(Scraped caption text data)
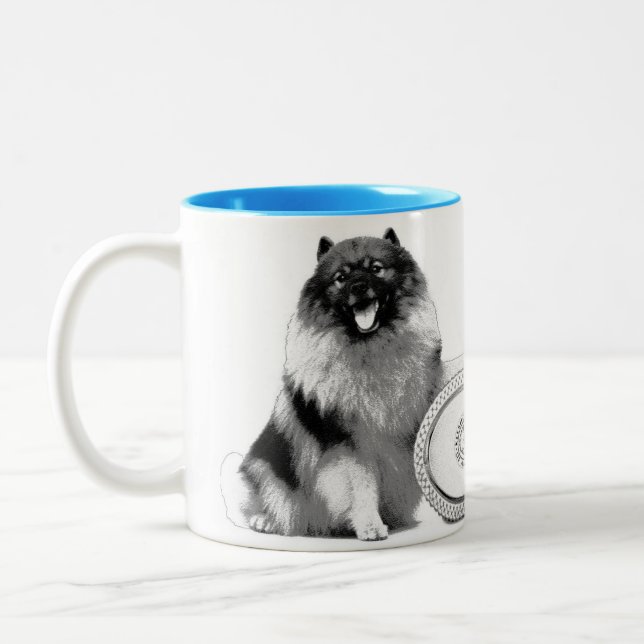 11 onces. Tasse de deux tons avec le Keeshond pour (Gauche)
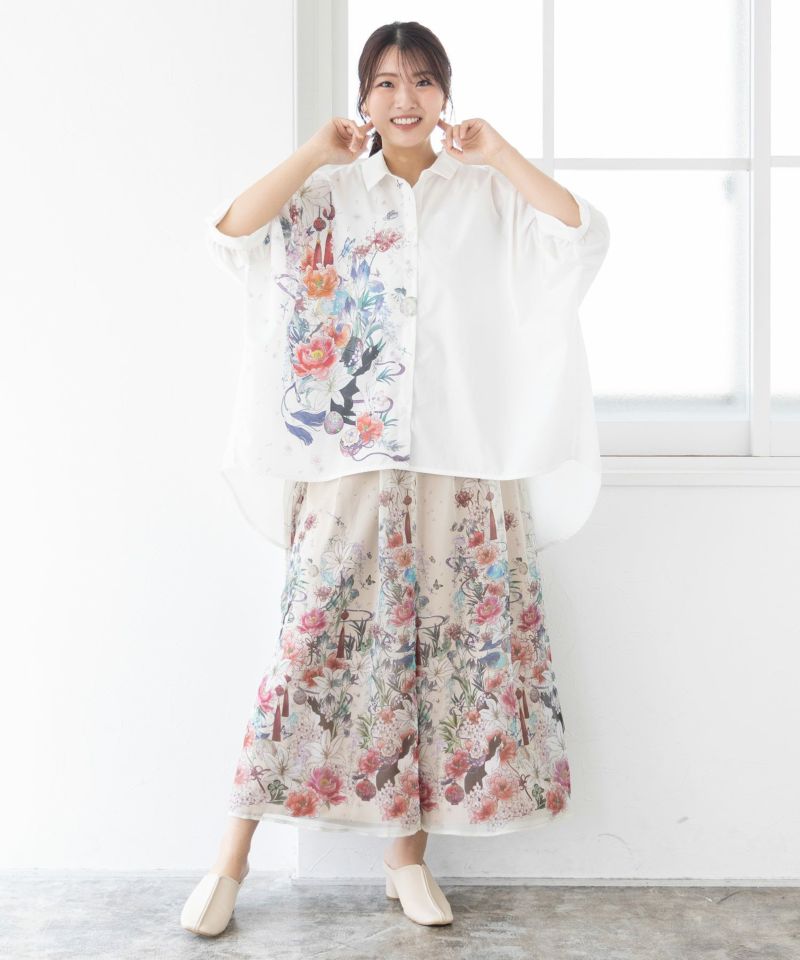 雅結×iS ScoLarコラボ 和風花柄シャツ-4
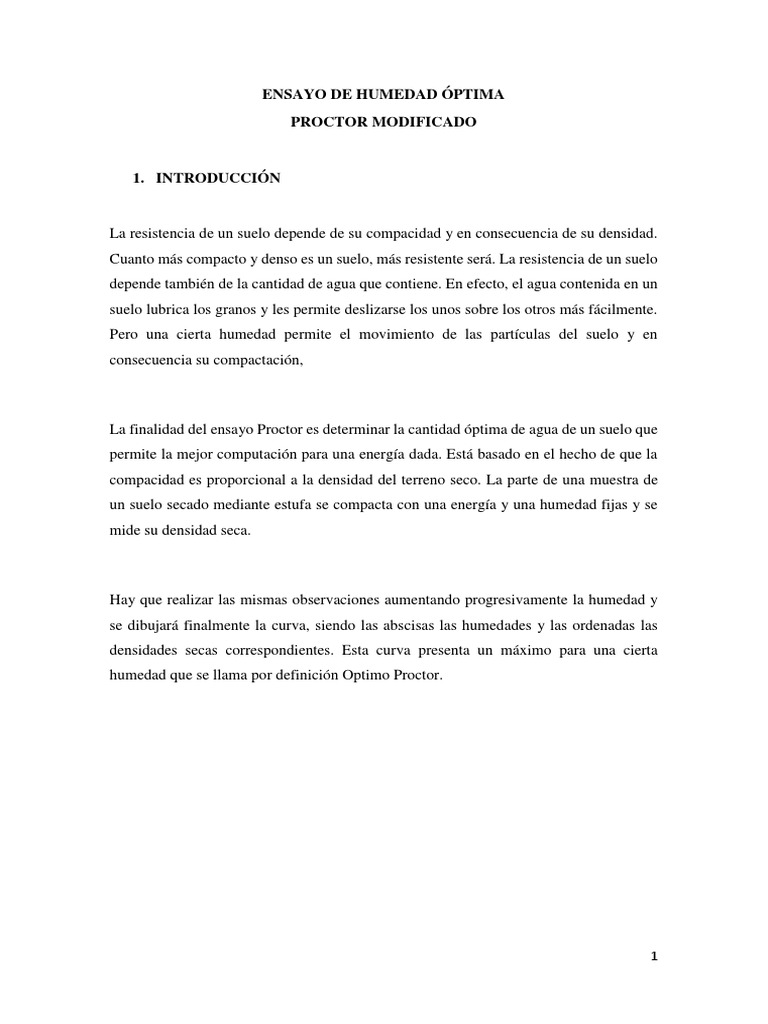 Ensayo de Humedad Optima PDF Humedad Densidad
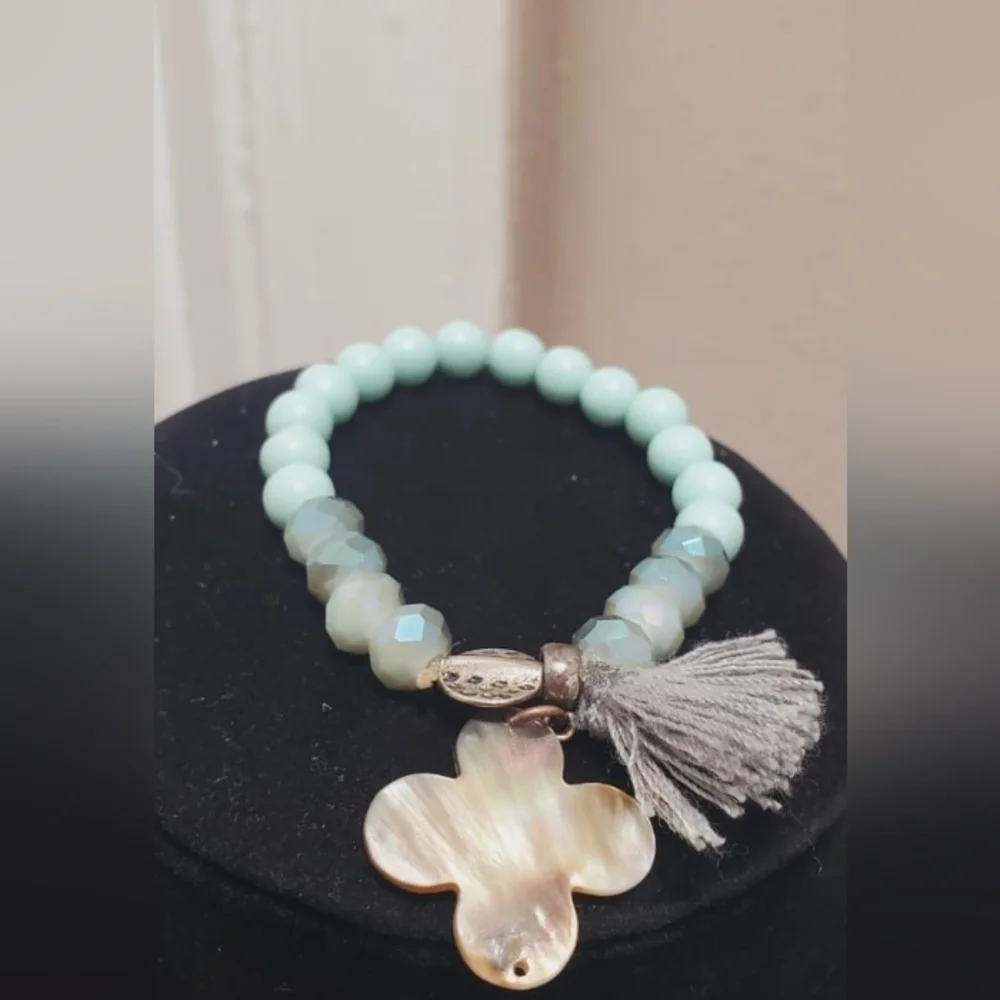 Turquoise Pearl Bead Bracelet🌴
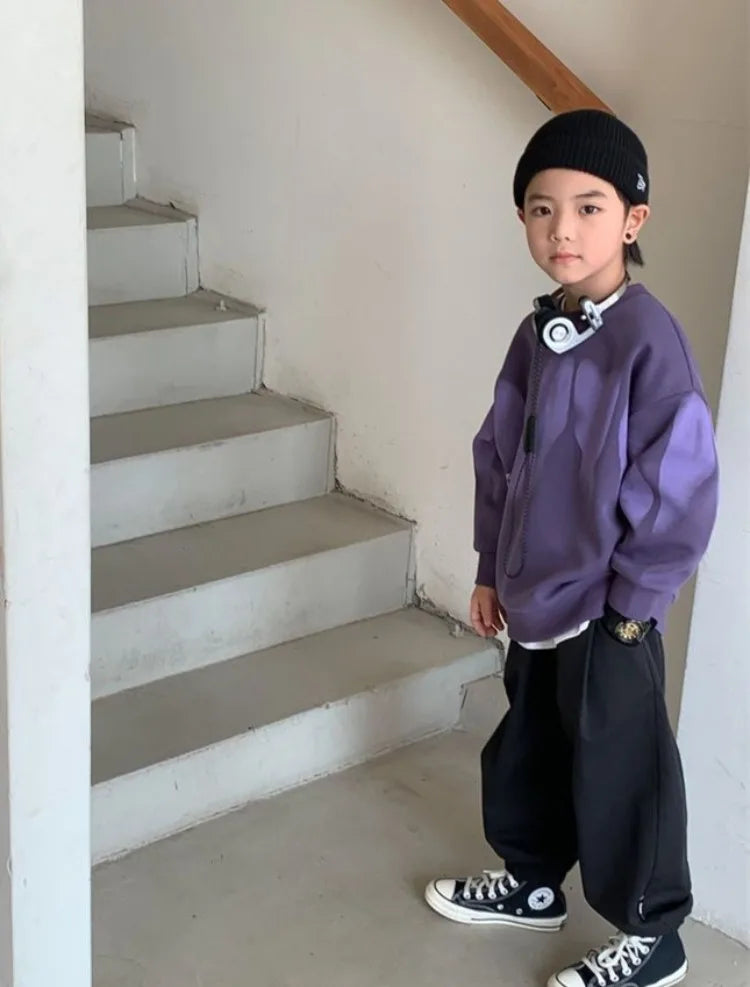 Boys' Medium To Large 2025 New Arrival No Hood Crewneck Spring/Autumn Trendy Street Style Kids Sweatshirt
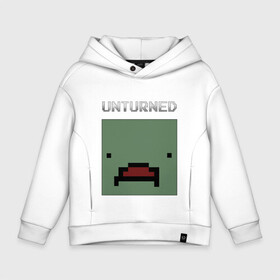 Детское худи Oversize хлопок с принтом UNTURNED в Тюмени, френч-терри — 70% хлопок, 30% полиэстер. Мягкий теплый начес внутри —100% хлопок | боковые карманы, эластичные манжеты и нижняя кромка, капюшон на магнитной кнопке | Тематика изображения на принте: game | unturned | unturned 2 | zombie | айди предмета | антюрнед | зомби | игра | инди | кубы | нельсон.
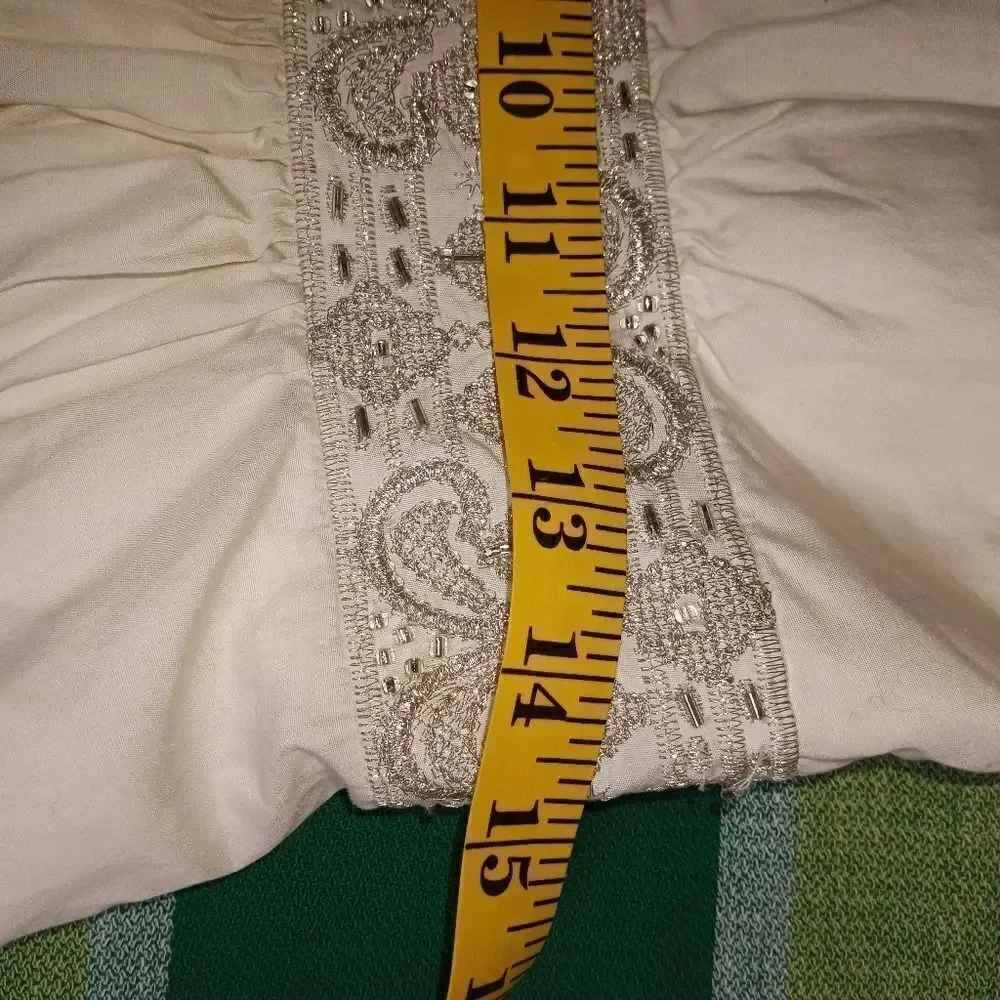 BananaRepublic10PCreamEmbroidered RuffleWaist StraplessPocketsLined Women'sDress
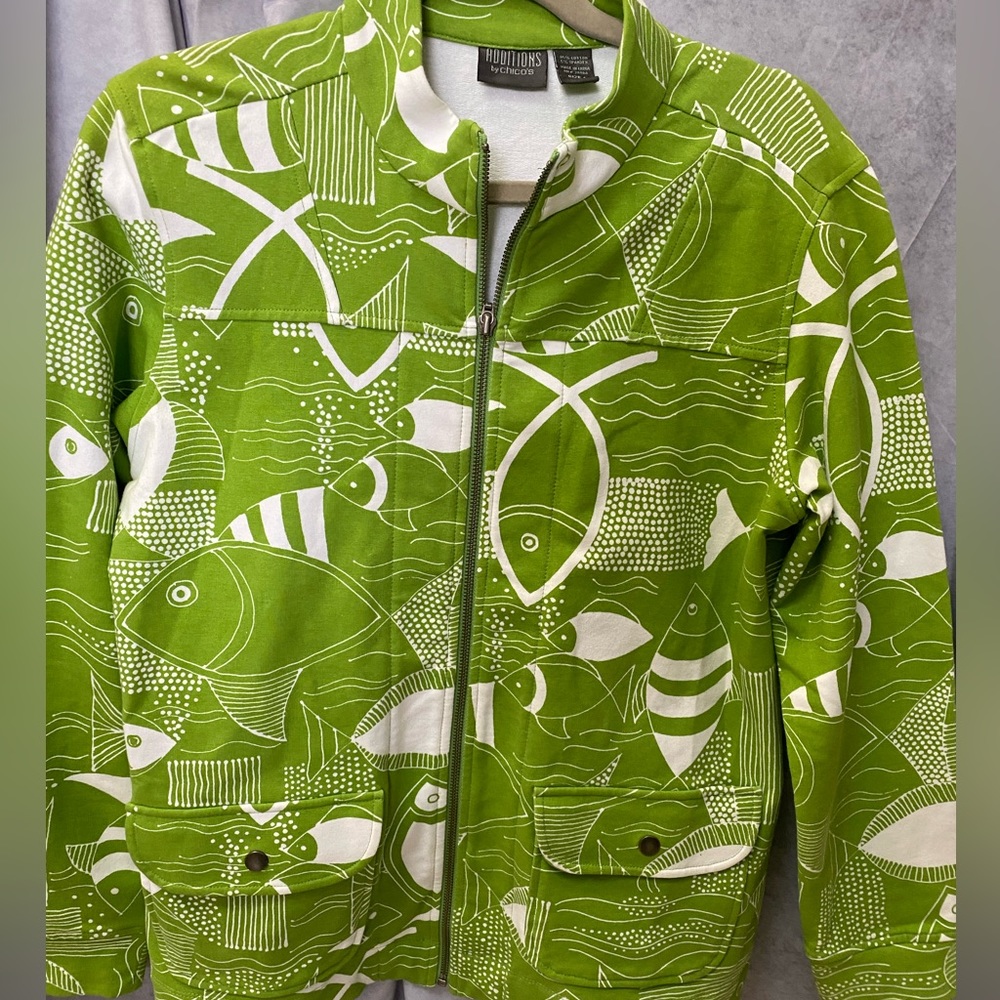 Additions by Chicos. Green Jacket. Size 1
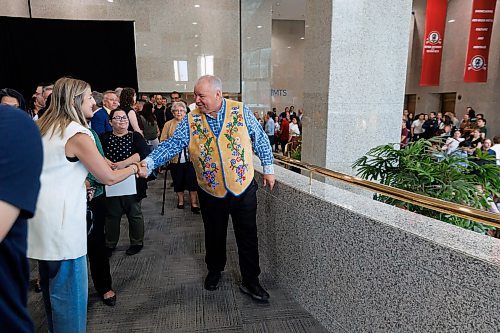 MIKE DEAL / FREE PRESS
MMF President David Chartrand arrives for the announcement that the Manitoba M&#xe9;tis Federation (MMF), the National Government of the Red River M&#xe9;tis have made a major property acquisition in downtown Winnipeg &#x2013; the second investment of this nature in less than a year, buying the &#x201c;Bell towers&#x201d; at 333 Main Street and 191 Pioneer Ave.
See Gabrielle Piche story
240718 - Thursday, July 18, 2024.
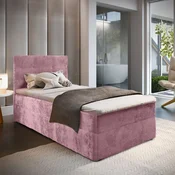 PROMOCIJA Tapecirani krevet boxspring GLORIEN VELVET 90x200 cm ružicasta II. klasa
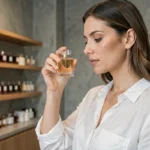 Femme inspectant un flacon de parfum fargance dans une boutique de beauté minimaliste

◆ Task statement: Set down all the entries above verbatim, and include none of the pictures.

◆ Answer:
 11 onces. Tasse de deux tons avec le Keeshond pour (Gauche)
 雅結×iS ScoLarコラボ 和風花柄シャツ-4
 Ensayo de Humedad Optima PDF Humedad Densidad
 Turquoise Pearl Bead Bracelet🌴
 Boys' Medium To Large 2025 New Arrival No Hood Crewneck Spring/Autumn Trendy Street Style Kids Sweatshirt
 Детское худи Oversize хлопок с принтом UNTURNED в Тюмени, френч-терри — 70% хлопок, 30% полиэстер. Мягкий теплый начес внутри —100% хлопок | боковые карманы, эластичные манжеты и нижняя кромка, капюшон на магнитной кнопке | Тематика изображения на принте: game | unturned | unturned 2 | zombie | айди предмета | антюрнед | зомби | игра | инди | кубы | нельсон.
 BananaRepublic10PCreamEmbroidered RuffleWaist StraplessPocketsLined Women'sDress
 Additions by Chicos. Green Jacket. Size 1
 MIKE DEAL / FREE PRESS
MMF President David Chartrand arrives for the announcement that the Manitoba M&#xe9;tis Federation (MMF), the National Government of the Red River M&#xe9;tis have made a major property acquisition in downtown Winnipeg &#x2013; the second investment of this nature in less than a year, buying the &#x201c;Bell towers&#x201d; at 333 Main Street and 191 Pioneer Ave.
See Gabrielle Piche story
240718 - Thursday, July 18, 2024.
 PROMOCIJA Tapecirani krevet boxspring GLORIEN VELVET 90x200 cm ružicasta II. klasa
 Femme inspectant un flacon de parfum fargance dans une boutique de beauté minimaliste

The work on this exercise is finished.